◆ Aim of the task
Repeat exactly the lines of the entries below from the one with "Bright Starts Tug" through the one with "1044 Park Street Woodland WA 98674", both ends included, and nothing else.

◆ Data for analysis
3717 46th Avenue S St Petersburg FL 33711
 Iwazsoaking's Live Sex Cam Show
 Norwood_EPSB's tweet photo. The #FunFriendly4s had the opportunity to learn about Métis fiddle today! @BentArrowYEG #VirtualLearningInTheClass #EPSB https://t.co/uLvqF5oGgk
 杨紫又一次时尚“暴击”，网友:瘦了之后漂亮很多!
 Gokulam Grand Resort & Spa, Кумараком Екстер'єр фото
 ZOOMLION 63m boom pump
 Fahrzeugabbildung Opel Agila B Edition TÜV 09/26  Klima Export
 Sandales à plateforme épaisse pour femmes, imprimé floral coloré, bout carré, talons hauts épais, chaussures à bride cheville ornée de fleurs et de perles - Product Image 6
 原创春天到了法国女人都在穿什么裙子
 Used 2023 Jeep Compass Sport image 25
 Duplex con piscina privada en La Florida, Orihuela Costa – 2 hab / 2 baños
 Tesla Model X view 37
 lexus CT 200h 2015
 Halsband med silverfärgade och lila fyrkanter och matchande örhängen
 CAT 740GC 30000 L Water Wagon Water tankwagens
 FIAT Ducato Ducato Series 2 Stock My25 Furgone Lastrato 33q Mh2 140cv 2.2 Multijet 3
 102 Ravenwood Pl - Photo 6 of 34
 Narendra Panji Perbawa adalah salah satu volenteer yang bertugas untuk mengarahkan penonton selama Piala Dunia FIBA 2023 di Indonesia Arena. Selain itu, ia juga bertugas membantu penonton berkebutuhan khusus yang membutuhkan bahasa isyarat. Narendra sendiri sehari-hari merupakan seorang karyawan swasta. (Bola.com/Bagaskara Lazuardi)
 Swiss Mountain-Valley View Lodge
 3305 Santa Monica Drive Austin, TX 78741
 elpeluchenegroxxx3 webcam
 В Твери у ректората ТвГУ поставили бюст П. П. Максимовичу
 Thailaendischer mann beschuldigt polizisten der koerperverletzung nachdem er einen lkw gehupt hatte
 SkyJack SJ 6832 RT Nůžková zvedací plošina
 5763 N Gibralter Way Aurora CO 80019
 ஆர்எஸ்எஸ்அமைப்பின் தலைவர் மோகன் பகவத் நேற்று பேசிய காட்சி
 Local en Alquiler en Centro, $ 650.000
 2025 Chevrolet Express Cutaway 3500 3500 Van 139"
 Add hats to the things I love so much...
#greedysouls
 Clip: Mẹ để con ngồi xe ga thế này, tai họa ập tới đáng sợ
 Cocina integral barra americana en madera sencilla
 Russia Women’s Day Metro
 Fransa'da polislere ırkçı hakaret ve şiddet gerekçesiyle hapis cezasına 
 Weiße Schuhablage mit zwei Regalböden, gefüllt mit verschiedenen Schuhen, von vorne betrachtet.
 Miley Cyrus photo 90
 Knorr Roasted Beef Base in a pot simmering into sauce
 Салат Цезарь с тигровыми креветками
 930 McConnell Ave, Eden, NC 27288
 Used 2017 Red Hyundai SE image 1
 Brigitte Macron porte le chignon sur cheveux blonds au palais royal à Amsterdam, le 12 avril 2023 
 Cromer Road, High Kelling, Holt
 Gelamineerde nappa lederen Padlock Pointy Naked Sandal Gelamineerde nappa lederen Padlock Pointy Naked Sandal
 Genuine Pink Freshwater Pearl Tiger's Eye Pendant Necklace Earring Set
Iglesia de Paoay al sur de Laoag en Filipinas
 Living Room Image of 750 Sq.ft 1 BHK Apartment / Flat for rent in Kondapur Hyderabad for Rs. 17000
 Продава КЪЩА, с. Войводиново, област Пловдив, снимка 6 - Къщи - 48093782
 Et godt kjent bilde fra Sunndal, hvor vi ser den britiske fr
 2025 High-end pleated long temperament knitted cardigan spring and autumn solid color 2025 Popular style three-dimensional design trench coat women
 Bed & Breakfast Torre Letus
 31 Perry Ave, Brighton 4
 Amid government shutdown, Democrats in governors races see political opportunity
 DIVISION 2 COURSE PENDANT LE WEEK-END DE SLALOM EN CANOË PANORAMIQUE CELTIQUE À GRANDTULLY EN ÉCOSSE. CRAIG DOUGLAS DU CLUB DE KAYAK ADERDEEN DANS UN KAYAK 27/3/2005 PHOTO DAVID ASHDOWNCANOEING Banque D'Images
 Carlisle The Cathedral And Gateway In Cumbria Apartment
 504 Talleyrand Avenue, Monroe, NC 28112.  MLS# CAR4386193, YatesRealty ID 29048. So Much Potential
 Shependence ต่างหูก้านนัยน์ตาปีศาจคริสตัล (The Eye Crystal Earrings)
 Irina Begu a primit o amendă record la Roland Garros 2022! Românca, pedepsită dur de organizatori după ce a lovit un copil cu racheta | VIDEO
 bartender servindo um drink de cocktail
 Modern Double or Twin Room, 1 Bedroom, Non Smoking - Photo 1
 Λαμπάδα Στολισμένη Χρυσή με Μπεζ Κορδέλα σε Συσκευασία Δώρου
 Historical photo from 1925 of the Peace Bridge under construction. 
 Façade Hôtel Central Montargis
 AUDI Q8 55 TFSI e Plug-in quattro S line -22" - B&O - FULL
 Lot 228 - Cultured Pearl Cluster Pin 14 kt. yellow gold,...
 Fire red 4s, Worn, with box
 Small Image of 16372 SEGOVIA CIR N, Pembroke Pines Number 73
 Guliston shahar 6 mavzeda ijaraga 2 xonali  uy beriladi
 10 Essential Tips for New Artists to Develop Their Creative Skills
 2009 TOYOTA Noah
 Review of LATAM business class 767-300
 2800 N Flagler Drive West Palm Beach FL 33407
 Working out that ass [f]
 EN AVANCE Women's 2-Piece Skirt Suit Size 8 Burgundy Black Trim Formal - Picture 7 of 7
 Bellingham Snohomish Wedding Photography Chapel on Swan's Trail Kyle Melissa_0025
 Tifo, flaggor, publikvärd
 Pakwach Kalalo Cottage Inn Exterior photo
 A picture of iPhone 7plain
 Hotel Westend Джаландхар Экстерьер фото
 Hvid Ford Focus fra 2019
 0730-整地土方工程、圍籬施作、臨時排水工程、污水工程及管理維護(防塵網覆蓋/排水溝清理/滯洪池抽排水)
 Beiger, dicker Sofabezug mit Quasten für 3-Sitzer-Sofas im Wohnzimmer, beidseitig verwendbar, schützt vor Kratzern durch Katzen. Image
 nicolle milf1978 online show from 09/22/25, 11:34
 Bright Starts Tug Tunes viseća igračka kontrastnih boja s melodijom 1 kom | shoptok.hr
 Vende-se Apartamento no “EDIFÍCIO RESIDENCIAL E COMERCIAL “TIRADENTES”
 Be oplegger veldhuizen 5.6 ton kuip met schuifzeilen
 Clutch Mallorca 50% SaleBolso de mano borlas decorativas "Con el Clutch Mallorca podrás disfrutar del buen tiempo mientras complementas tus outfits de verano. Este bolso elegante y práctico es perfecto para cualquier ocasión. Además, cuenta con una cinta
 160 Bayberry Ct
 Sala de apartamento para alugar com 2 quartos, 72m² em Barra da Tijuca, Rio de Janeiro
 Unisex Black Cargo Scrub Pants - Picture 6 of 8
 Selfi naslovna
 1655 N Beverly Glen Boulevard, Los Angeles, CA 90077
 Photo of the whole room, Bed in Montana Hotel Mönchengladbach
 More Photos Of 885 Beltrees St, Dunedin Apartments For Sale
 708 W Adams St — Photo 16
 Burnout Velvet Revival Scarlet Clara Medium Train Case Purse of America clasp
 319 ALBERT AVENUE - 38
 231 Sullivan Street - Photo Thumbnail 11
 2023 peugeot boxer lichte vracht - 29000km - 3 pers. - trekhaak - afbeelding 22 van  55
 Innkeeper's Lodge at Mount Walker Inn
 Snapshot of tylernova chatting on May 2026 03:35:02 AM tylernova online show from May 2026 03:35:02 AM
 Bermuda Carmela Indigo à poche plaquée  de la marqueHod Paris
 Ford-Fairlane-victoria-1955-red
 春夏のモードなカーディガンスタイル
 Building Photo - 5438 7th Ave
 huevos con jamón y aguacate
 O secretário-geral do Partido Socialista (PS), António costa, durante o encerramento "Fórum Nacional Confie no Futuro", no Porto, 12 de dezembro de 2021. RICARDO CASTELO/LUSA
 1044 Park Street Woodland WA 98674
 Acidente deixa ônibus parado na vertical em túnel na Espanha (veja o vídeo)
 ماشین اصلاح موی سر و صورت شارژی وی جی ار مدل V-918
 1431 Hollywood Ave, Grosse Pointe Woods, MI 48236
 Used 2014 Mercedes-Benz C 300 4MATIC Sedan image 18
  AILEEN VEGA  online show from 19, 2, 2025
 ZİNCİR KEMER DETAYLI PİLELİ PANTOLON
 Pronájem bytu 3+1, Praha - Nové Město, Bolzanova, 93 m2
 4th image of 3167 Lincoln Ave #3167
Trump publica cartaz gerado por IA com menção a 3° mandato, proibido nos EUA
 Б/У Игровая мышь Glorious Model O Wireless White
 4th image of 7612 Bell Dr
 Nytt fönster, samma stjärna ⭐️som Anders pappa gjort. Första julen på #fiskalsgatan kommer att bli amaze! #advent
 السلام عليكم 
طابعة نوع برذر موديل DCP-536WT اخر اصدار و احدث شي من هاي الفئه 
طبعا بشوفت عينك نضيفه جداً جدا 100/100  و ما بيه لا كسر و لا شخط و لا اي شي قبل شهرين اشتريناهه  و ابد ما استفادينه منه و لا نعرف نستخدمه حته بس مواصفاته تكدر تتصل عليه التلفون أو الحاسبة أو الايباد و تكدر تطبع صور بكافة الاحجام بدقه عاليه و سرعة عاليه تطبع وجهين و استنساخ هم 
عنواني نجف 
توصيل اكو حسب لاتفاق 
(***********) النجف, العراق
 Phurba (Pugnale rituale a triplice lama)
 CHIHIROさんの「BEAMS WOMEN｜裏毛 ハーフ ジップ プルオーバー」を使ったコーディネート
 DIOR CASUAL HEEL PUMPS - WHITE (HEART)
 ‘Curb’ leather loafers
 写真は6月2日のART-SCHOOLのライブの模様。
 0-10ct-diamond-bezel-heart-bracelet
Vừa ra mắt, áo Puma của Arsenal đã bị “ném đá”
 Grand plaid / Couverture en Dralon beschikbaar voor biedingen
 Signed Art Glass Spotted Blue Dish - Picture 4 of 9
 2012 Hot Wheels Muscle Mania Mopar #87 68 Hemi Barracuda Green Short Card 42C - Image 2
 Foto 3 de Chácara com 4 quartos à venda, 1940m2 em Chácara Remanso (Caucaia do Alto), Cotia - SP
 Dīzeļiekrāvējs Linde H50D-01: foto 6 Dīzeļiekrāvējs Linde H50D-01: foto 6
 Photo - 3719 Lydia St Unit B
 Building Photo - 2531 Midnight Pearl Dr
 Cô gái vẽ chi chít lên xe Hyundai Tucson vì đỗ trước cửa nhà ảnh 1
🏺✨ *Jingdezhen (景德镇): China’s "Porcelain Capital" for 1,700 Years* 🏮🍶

◆ Answer to the exercise
 Bright Starts Tug Tunes viseća igračka kontrastnih boja s melodijom 1 kom | shoptok.hr
 Vende-se Apartamento no “EDIFÍCIO RESIDENCIAL E COMERCIAL “TIRADENTES”
 Be oplegger veldhuizen 5.6 ton kuip met schuifzeilen
 Clutch Mallorca 50% SaleBolso de mano borlas decorativas "Con el Clutch Mallorca podrás disfrutar del buen tiempo mientras complementas tus outfits de verano. Este bolso elegante y práctico es perfecto para cualquier ocasión. Además, cuenta con una cinta
 160 Bayberry Ct
 Sala de apartamento para alugar com 2 quartos, 72m² em Barra da Tijuca, Rio de Janeiro
 Unisex Black Cargo Scrub Pants - Picture 6 of 8
 Selfi naslovna
 1655 N Beverly Glen Boulevard, Los Angeles, CA 90077
 Photo of the whole room, Bed in Montana Hotel Mönchengladbach
 More Photos Of 885 Beltrees St, Dunedin Apartments For Sale
 708 W Adams St — Photo 16
 Burnout Velvet Revival Scarlet Clara Medium Train Case Purse of America clasp
 319 ALBERT AVENUE - 38
 231 Sullivan Street - Photo Thumbnail 11
 2023 peugeot boxer lichte vracht - 29000km - 3 pers. - trekhaak - afbeelding 22 van  55
 Innkeeper's Lodge at Mount Walker Inn
 Snapshot of tylernova chatting on May 2026 03:35:02 AM tylernova online show from May 2026 03:35:02 AM
 Bermuda Carmela Indigo à poche plaquée  de la marqueHod Paris
 Ford-Fairlane-victoria-1955-red
 春夏のモードなカーディガンスタイル
 Building Photo - 5438 7th Ave
 huevos con jamón y aguacate
 O secretário-geral do Partido Socialista (PS), António costa, durante o encerramento "Fórum Nacional Confie no Futuro", no Porto, 12 de dezembro de 2021. RICARDO CASTELO/LUSA
 1044 Park Street Woodland WA 98674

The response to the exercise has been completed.